Each entry that follows should be retyped in full and exactly.

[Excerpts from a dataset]
- - -
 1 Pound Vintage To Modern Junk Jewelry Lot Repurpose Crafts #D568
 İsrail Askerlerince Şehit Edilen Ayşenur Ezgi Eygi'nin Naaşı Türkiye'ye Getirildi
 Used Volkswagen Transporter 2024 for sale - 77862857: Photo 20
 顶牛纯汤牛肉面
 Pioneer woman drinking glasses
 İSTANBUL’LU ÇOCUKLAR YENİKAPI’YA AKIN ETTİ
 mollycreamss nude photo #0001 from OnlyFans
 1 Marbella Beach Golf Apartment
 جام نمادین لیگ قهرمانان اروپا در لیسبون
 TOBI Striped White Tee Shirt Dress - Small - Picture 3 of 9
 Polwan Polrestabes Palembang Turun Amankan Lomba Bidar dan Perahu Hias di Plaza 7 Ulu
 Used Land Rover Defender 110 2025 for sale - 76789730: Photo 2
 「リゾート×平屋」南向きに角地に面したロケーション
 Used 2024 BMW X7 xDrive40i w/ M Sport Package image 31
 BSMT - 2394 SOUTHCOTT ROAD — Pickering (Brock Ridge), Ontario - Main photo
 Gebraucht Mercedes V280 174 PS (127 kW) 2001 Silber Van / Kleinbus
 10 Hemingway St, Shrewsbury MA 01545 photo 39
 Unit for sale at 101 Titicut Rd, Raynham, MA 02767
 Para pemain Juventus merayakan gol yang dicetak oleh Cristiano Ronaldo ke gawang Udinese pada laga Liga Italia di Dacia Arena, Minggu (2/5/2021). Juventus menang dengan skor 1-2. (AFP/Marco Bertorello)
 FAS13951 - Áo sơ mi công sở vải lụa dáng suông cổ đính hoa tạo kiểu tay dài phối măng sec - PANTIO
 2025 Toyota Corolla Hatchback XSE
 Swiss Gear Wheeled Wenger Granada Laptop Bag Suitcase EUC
- - -
» Response
 1 Pound Vintage To Modern Junk Jewelry Lot Repurpose Crafts #D568
 İsrail Askerlerince Şehit Edilen Ayşenur Ezgi Eygi'nin Naaşı Türkiye'ye Getirildi
 Used Volkswagen Transporter 2024 for sale - 77862857: Photo 20
 顶牛纯汤牛肉面
 Pioneer woman drinking glasses
 İSTANBUL’LU ÇOCUKLAR YENİKAPI’YA AKIN ETTİ
 mollycreamss nude photo #0001 from OnlyFans
 1 Marbella Beach Golf Apartment
 جام نمادین لیگ قهرمانان اروپا در لیسبون
 TOBI Striped White Tee Shirt Dress - Small - Picture 3 of 9
 Polwan Polrestabes Palembang Turun Amankan Lomba Bidar dan Perahu Hias di Plaza 7 Ulu
 Used Land Rover Defender 110 2025 for sale - 76789730: Photo 2
 「リゾート×平屋」南向きに角地に面したロケーション
 Used 2024 BMW X7 xDrive40i w/ M Sport Package image 31
 BSMT - 2394 SOUTHCOTT ROAD — Pickering (Brock Ridge), Ontario - Main photo
 Gebraucht Mercedes V280 174 PS (127 kW) 2001 Silber Van / Kleinbus
 10 Hemingway St, Shrewsbury MA 01545 photo 39
 Unit for sale at 101 Titicut Rd, Raynham, MA 02767
 Para pemain Juventus merayakan gol yang dicetak oleh Cristiano Ronaldo ke gawang Udinese pada laga Liga Italia di Dacia Arena, Minggu (2/5/2021). Juventus menang dengan skor 1-2. (AFP/Marco Bertorello)
 FAS13951 - Áo sơ mi công sở vải lụa dáng suông cổ đính hoa tạo kiểu tay dài phối măng sec - PANTIO
 2025 Toyota Corolla Hatchback XSE
 Swiss Gear Wheeled Wenger Granada Laptop Bag Suitcase EUC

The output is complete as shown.